(Beginning of INFORMATION SHOWN)

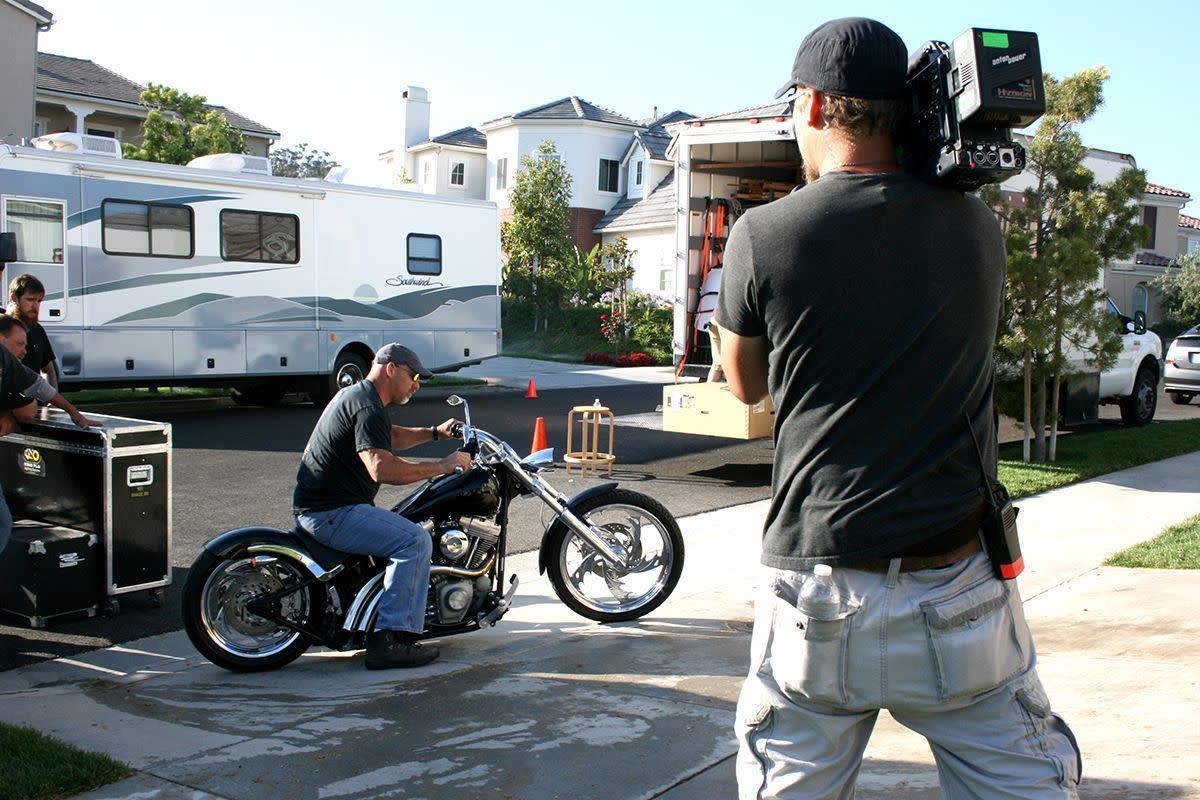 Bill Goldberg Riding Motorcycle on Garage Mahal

(End of INFORMATION SHOWN)
(Beginning of INFORMATION SHOWN)

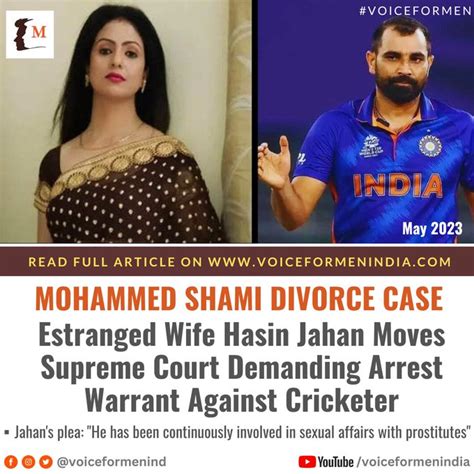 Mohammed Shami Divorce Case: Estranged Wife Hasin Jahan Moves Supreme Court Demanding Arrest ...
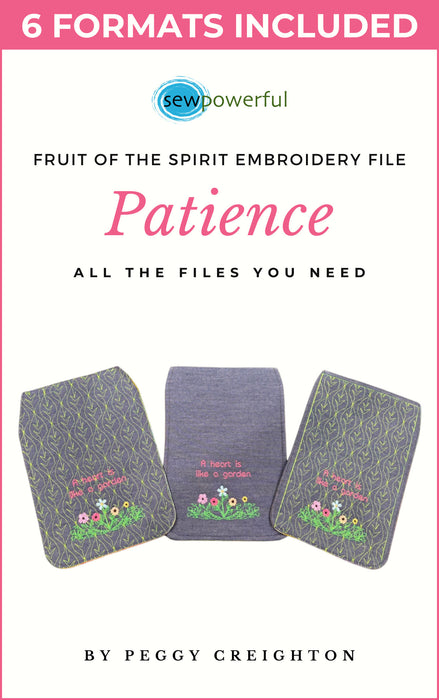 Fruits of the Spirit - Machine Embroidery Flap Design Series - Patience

(End of INFORMATION SHOWN)

**INSTRUCTIONS FOR THE TASK:**
Keep to the lines above from the line with "Demanding Arrest ..." to the line with "Fruits of the", and set down exactly those, inclusive, with nothing else and every picture left out.

**EXERCISE RESULT:**
 Mohammed Shami Divorce Case: Estranged Wife Hasin Jahan Moves Supreme Court Demanding Arrest ...
 Fruits of the Spirit - Machine Embroidery Flap Design Series - Patience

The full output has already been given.